David North besucht Prinkipo, um Gedenkveranstaltung für Leo Trotzki zu organisieren

Am Mittwoch, dem 2. November, besuchte eine Delegation unter Führung von David North, dem Vorsitzenden der internationalen Redaktion der World Socialist Web Site, die Gemeinde Prinkipo in Istanbul. Die Delegation sprach mit Bürgermeister Erdem Gül von der kemalistischen Republikanischen Volkspartei (CHP) und İskender Özturanlı, dem Vorsitzenden des Stadtrats von Adalar.

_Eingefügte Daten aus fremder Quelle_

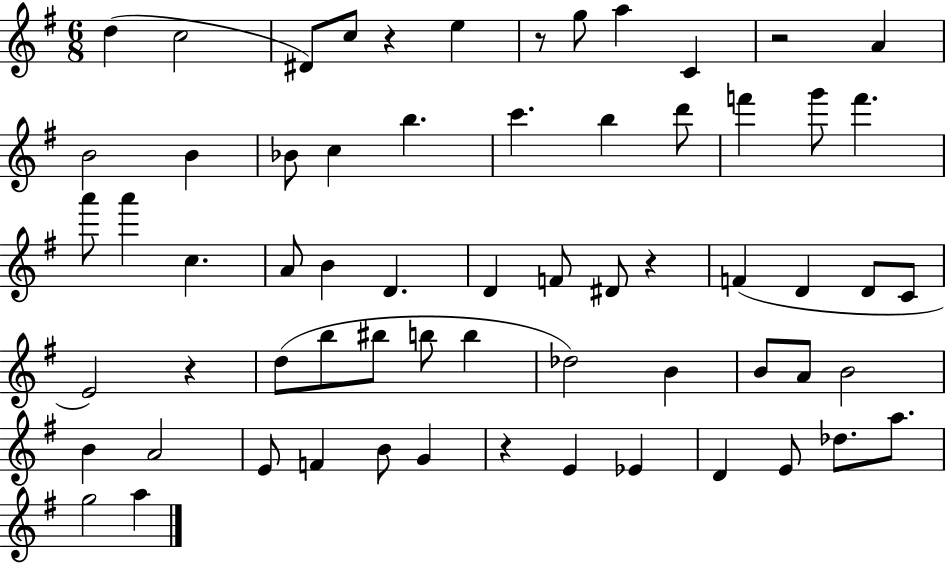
D5/q C5/h D#4/e C5/e R/q E5/q R/e G5/e A5/q C4/q R/h A4/q B4/h B4/q Bb4/e C5/q B5/q. C6/q. B5/q D6/e F6/q G6/e F6/q. A6/e A6/q C5/q. A4/e B4/q D4/q. D4/q F4/e D#4/e R/q F4/q D4/q D4/e C4/e E4/h R/q D5/e B5/e BIS5/e B5/e B5/q Db5/h B4/q B4/e A4/e B4/h B4/q A4/h E4/e F4/q B4/e G4/q R/q E4/q Eb4/q D4/q E4/e Db5/e. A5/e. G5/h A5/q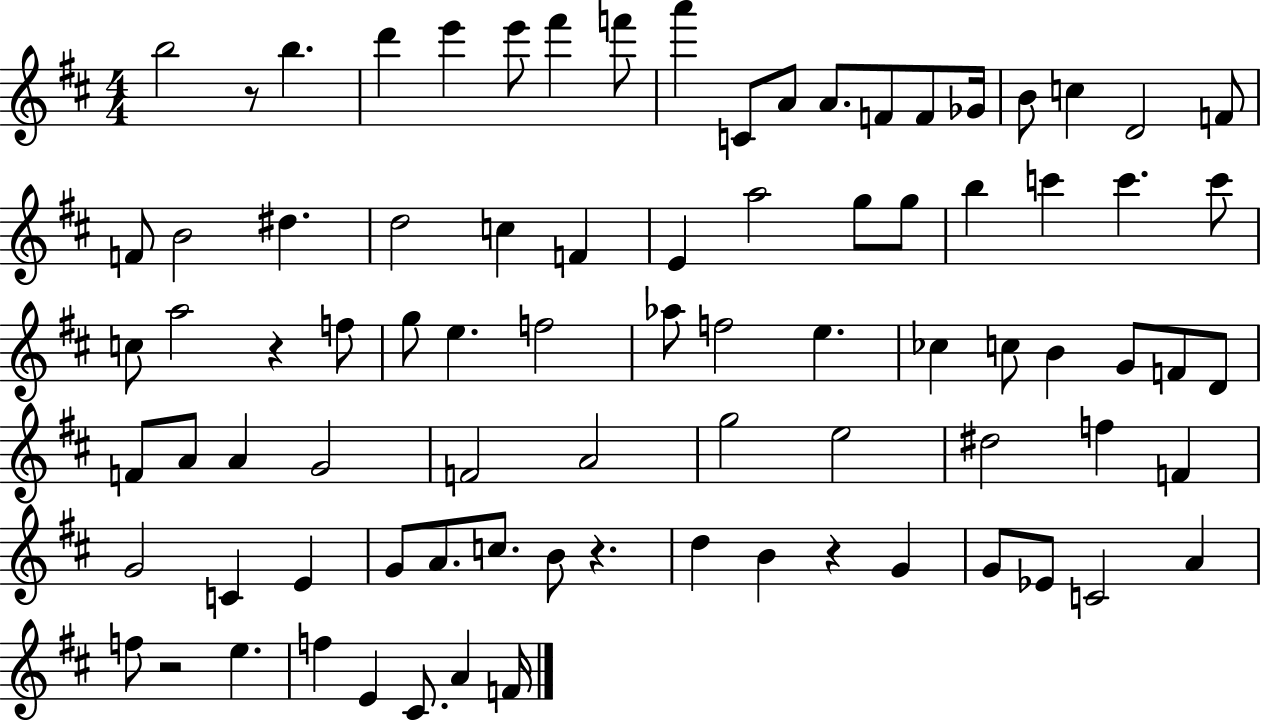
X:1
T:Untitled
M:4/4
L:1/4
K:D
b2 z/2 b d' e' e'/2 ^f' f'/2 a' C/2 A/2 A/2 F/2 F/2 _G/4 B/2 c D2 F/2 F/2 B2 ^d d2 c F E a2 g/2 g/2 b c' c' c'/2 c/2 a2 z f/2 g/2 e f2 _a/2 f2 e _c c/2 B G/2 F/2 D/2 F/2 A/2 A G2 F2 A2 g2 e2 ^d2 f F G2 C E G/2 A/2 c/2 B/2 z d B z G G/2 _E/2 C2 A f/2 z2 e f E ^C/2 A F/4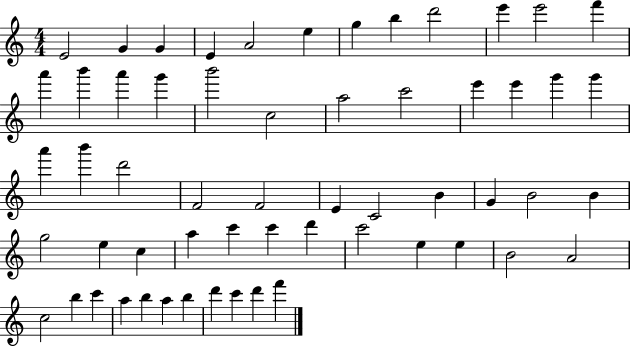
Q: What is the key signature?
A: C major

Auch Vertreter der Sozialistischen Gleichheitsgruppe in der Türkei und die WSWS-Autoren Johannes Stern und Evan Blake nahmen teil.

Das Treffen diente der Organisation einer Veranstaltung zum Gedenken an Leo Trotzki anlässlich des 83. Jahrestags seiner Ermordung durch einen stalinistischen Agenten. Daneben wurde über die Pläne der Stadtteilverwaltung diskutiert, das Anwesen Yanaros, in dem Trotzki während seiner Zeit auf Prinkipo wohnte, in ein Museum umzuwandeln und auf der Insel ein „Trotzki-Forschungszentrum“ zu errichten.

David North, der weltweit führende Experte zu Leo Trotzki, ist u.a. Autor der Werke Verteidigung Leo Trotzkis und Leo Trotzki und die Entwicklung des Marxismus, die der Verlag Mehring Yayıncılık neben anderen Werken ins Türkische übersetzt hat. Auf der internationalen Buchmesse in Istanbul im Jahr 2019 stellte North sein Buch Verteidigung Leo Trotzkis per Videokonferenz vor.

Trotzki, der 1917 zusammen mit Wladimir Lenin die Oktoberrevolution anführte, wurde 1929 als unversöhnlicher Gegner des Stalinismus aus der Sowjetunion in die Türkei deportiert. Von 1929 bis 1933 hielt er sich in Istanbul auf und verbrachte einen Großteil der Zeit auf Prinkipo.

Leo Trotzki an seinem Schreibtisch in Prinkipo

Die Veranstaltung mit Teilnehmern aus aller Welt wird im August 2023 stattfinden und wird mit mehreren wichtigen Jahrestagen zusammenfallen. 2023 ist der 100. Jahrestag der Gründung der Türkischen Republik sowie der Gründung der Linken Opposition in der UdSSR zur Verteidigung der Prinzipien der Oktoberrevolution. Daneben jährt sich zum 90. Mal Trotzkis Abreise aus der Türkei nach Frankreich.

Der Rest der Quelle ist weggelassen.